Phone number spoofing
If you receive a call and the call display shows a phone number of 123-456-7890 or 777-777-7778 (or any other strange combination of numbers), this is a phone number that has been programmed into the system so your call display indicates a different number than the originators. Although this does not mean the offer you are receiving is illegal, you should certainly have a “red flag” approach to any offer.
Why would a legitimate company try to obscure their identity?
The phone is ringing but no one is there when you answer.
Your phone may have a technical problem but you may also be receiving calls from an automatic dialer that logs the time the phone is answered. A telemarketer uses the information to indicate when a person will be at your number to answer the phone. For more information on Automatic Dialers you can research the CRTC web site.
Unsolicited service calls – general services
Any false, deceptive or misleading promotion of services or solicitation for services. These scams typically involve third parties that make offers for telecommunications, internet, finance, medical and energy services. This category of scams may also include, but is not limited to, offers such as extended warranties, insurance and sales services.
If you have received an unsolicited telephone offer or a card in the mail you should use the “buyer beware” philosophy.
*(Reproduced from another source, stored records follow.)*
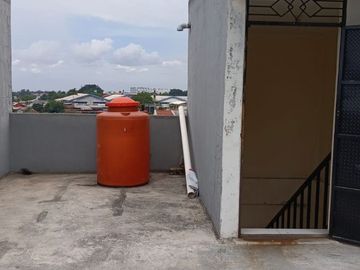 Dijual Cepat Ruko 3 1/2 lantai ada Rooftoop di Tole Iskandar simpangan Depok
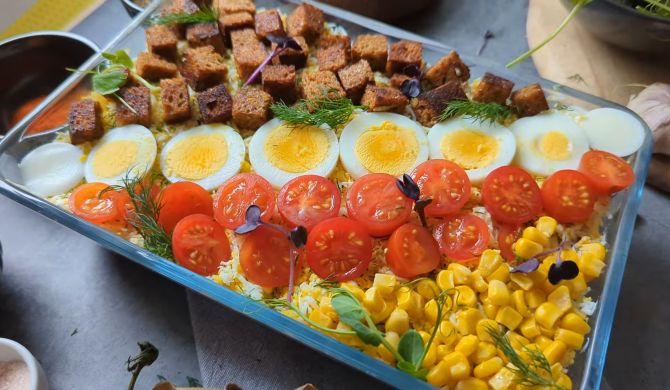 Салат с гренками, помидорами, кукурузой, сыром и яйцами рецепт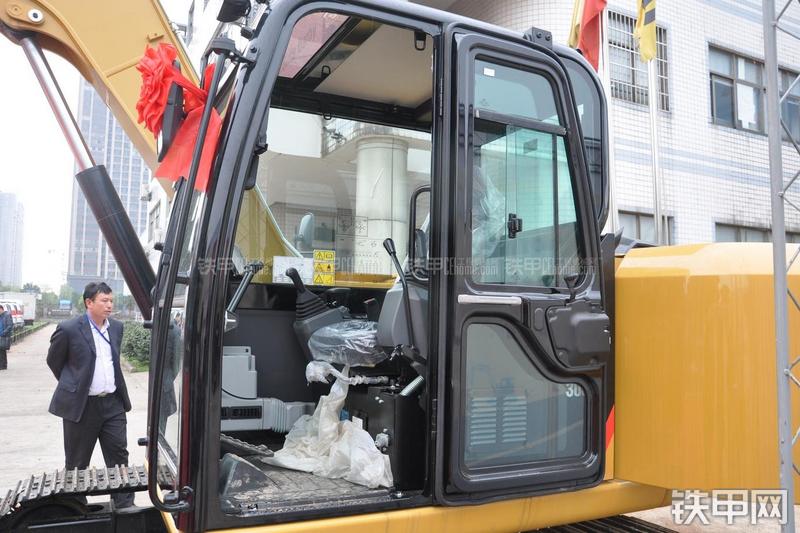 卡特彼勒308E液压挖掘机局部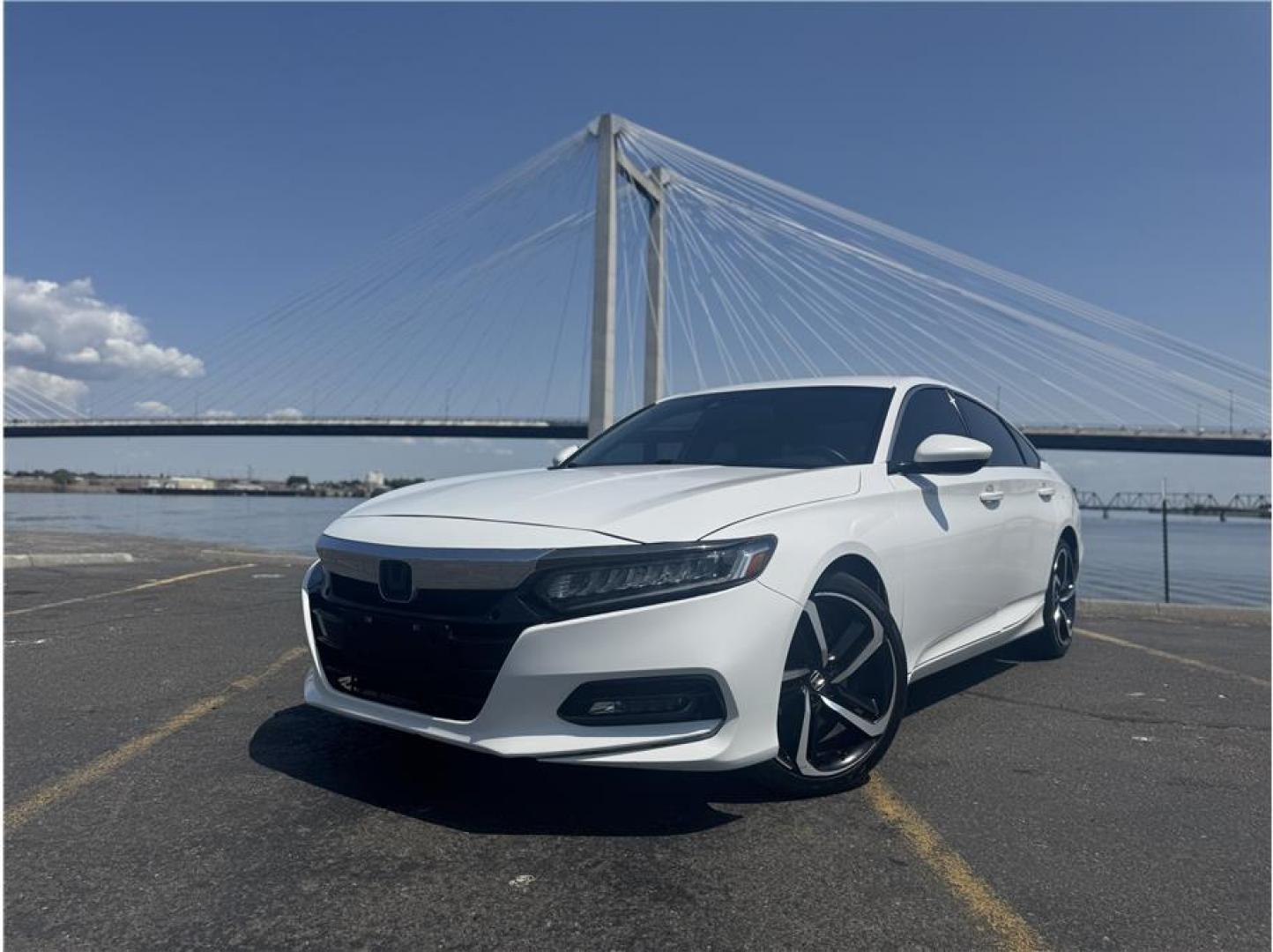 2020 White /No Color Honda Accord (1HGCV1F35LA) with an 4-Cyl, i-VTEC, Turbo, 1.5 Liter engine, Automatic, CVT w/Sport Mode transmission, located at 607 W Columbia Drive, Kennewick, WA, 99336, (509) 987-1069, 46.216743, -119.126404 - Photo#0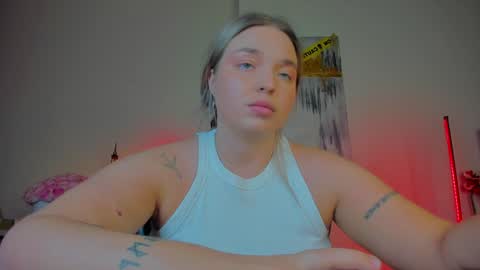 Snapshot of viollasinzz chatting on 01.08.25 Violla online show from 01.08.25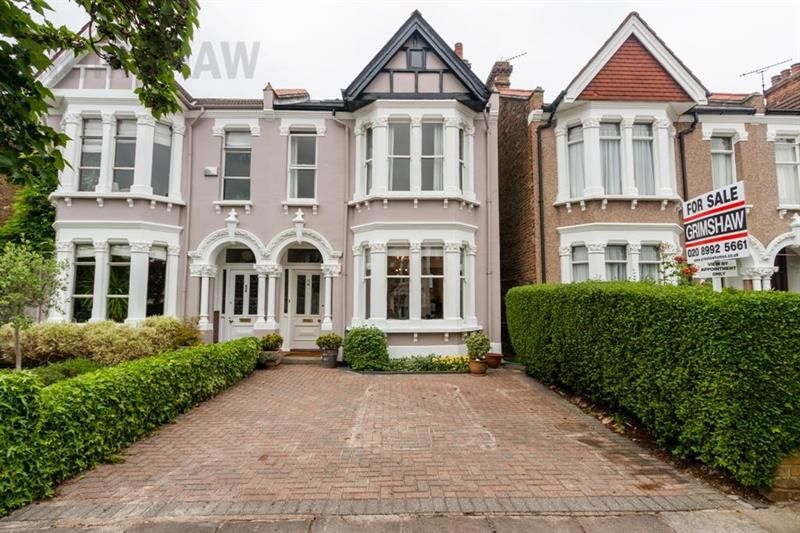 Egerton Gardens, St Stephen's Area, Ealing W13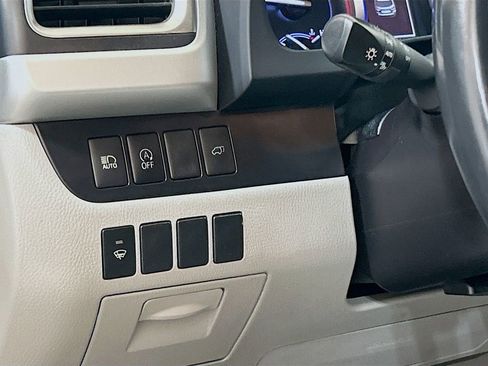 Used 2019 Toyota Highlander XLE FWD image 8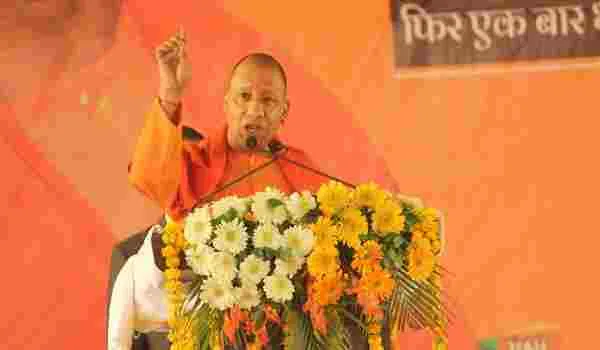इटावा में सीएम योगी ने भरी हुंकार, बोले- 325 सीटें जीतकर बीजेपी फिर बनाएगी सरकार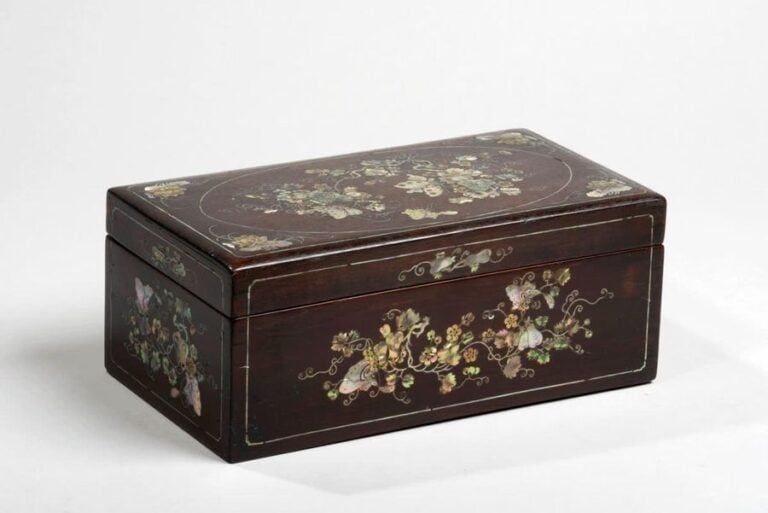 Boite en bois naturel à décor en incrustation de nacre de papillons parmi les fleurs et les vrille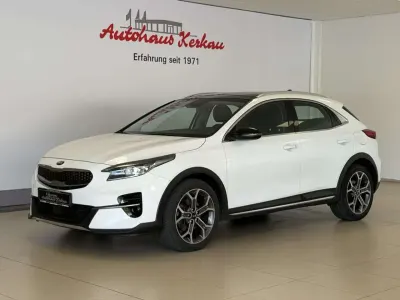 Gebraucht Kia XCeed Spirit 159 PS (116 kW) 2021 Weiß SUV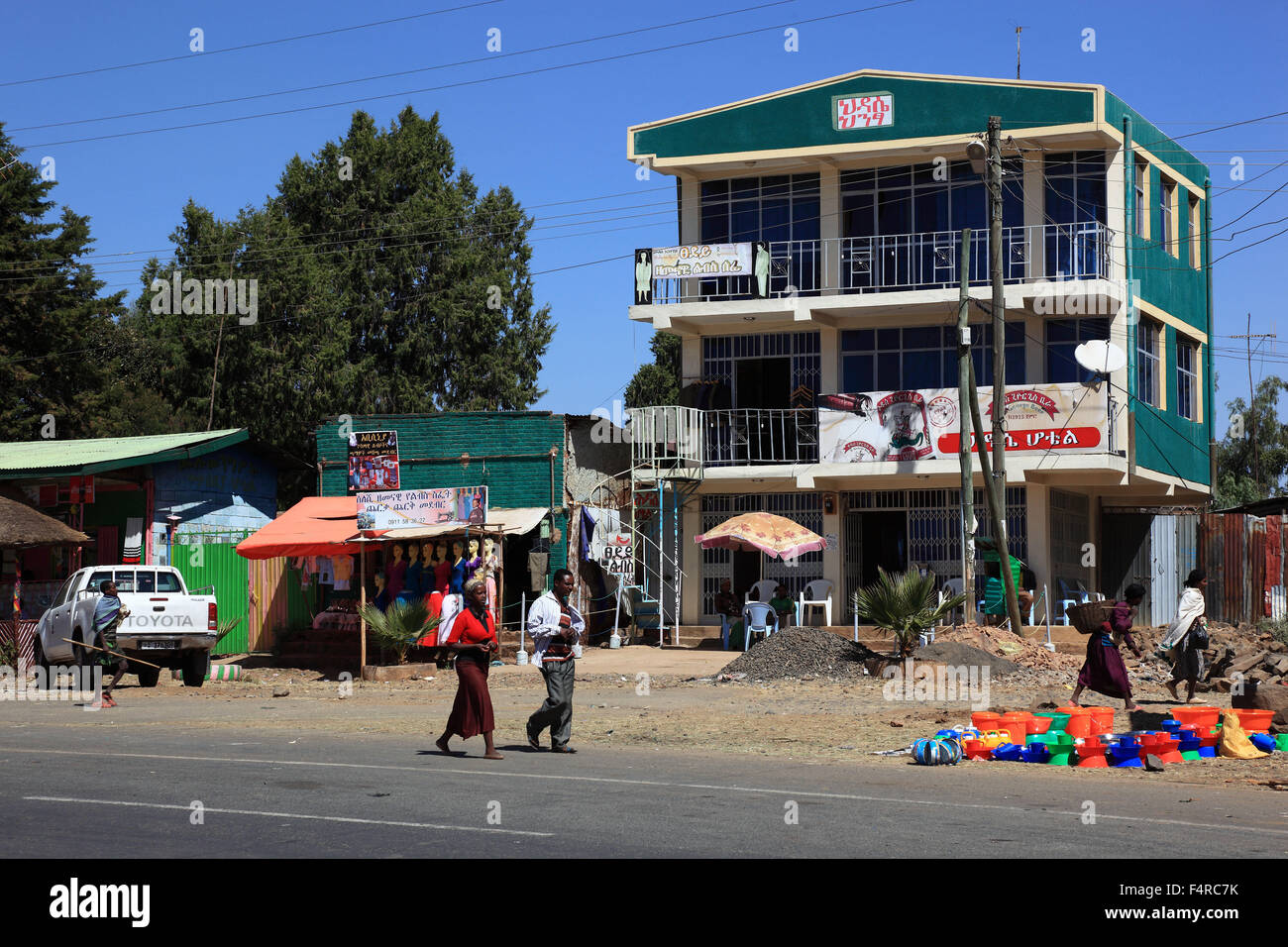 Modern house in a village in the choke Mountain Stock Photo Alamy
Warning sign(s) – How to protect yourself
- Credit card charges from foreign banks appearing on your statement ranging from $35.00 to
- Do you already have an existing warranty?
- Have you checked with your car dealership?
- How is the offer worded – does it make sense? Is it realistic?
- Research on the internet.
Unsolicited computer repair services
Generally, this scheme involves company representatives calling individuals and stating, for example, that it is Microsoft calling and that their computer is running slow or has viruses. They offer to repair the computer over the internet, which can involve the installation of software or the customers allowing the representatives remote access to their computer.
A recent variation being reported to the CAFC have involved the suspects identifying themselves as the Canadian Cyber Incident Response Centre and have taken a more aggressive approach with individuals by stating their computer is being used by hackers and that they will be held responsible if they do not allow the suspect to repair their computer.
Allowing a third party to download software or remotely access a computer carries inherent risks. Keyloggers or other malicious software could be installed to capture sensitive data such as online banking user names and passwords, bank account information, identity information, etc.
Warning sign(s) – How to protect yourself
- Unsolicited call representing computer repair-company (e.g. Microsoft) or indicating that it is the Canadian Cyber Incident Response Centre.
- Caller requesting remote access to your computer or for you to view your event viewer.
- Urgent solicitation indicating there is a threat to your computer.
- Protect your computer with anti-virus software, spyware filters, email filters and firewall programs.